The only recognition the public volunteers received were certificates of merit, but, of course, the sense of camaraderie and contribution to the war effort must have provided a sense of achievement.

Ayres’ historical lecture, given to a full house, was informative, entertaining and thought-provoking. But it also presented food for thought in today’s pharmacy.

Firstly, it was a reminder of how dependent we are on global markets, international co-operation and multinational businesses for medicines to get from manufacturer to patient. We, perhaps, take the supply chain for granted.

Secondly, if we were faced with a crisis or shortage, how would we narrow down the multitude of medicines available today, and what would we prioritise as the essential supplies? Have we moved away from a world where an enforced reliance on only a handful of drugs would even be thinkable?

Thirdly, the talk emphasised the centrality of plants as sources of medicines, and that a back-to-basics approach to their use could be coupled with current scientific techniques to produce successful results. This is, of course, a more accepted model today than it has been in recent decades.

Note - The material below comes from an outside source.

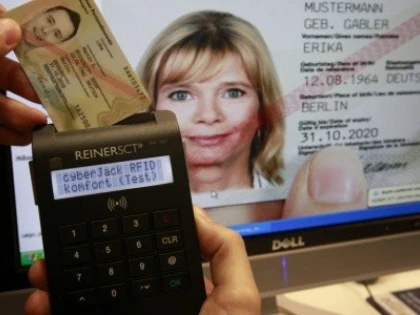 Cardul de sănătate va fi înlocuit de noul buletin electronic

Finally, Ayres’ reflections on wartime medicinal shortages made me appreciate the ease with which we can access treatment today. In spite of perpetual challenges to NHS budgets and spending on particular drugs for particular conditions, we’re able to access community pharmacies in our neighbourhoods, and we are very lucky – compared with both our ancestors in this country, and people suffering comparable shortages in war-torn countries around the world today.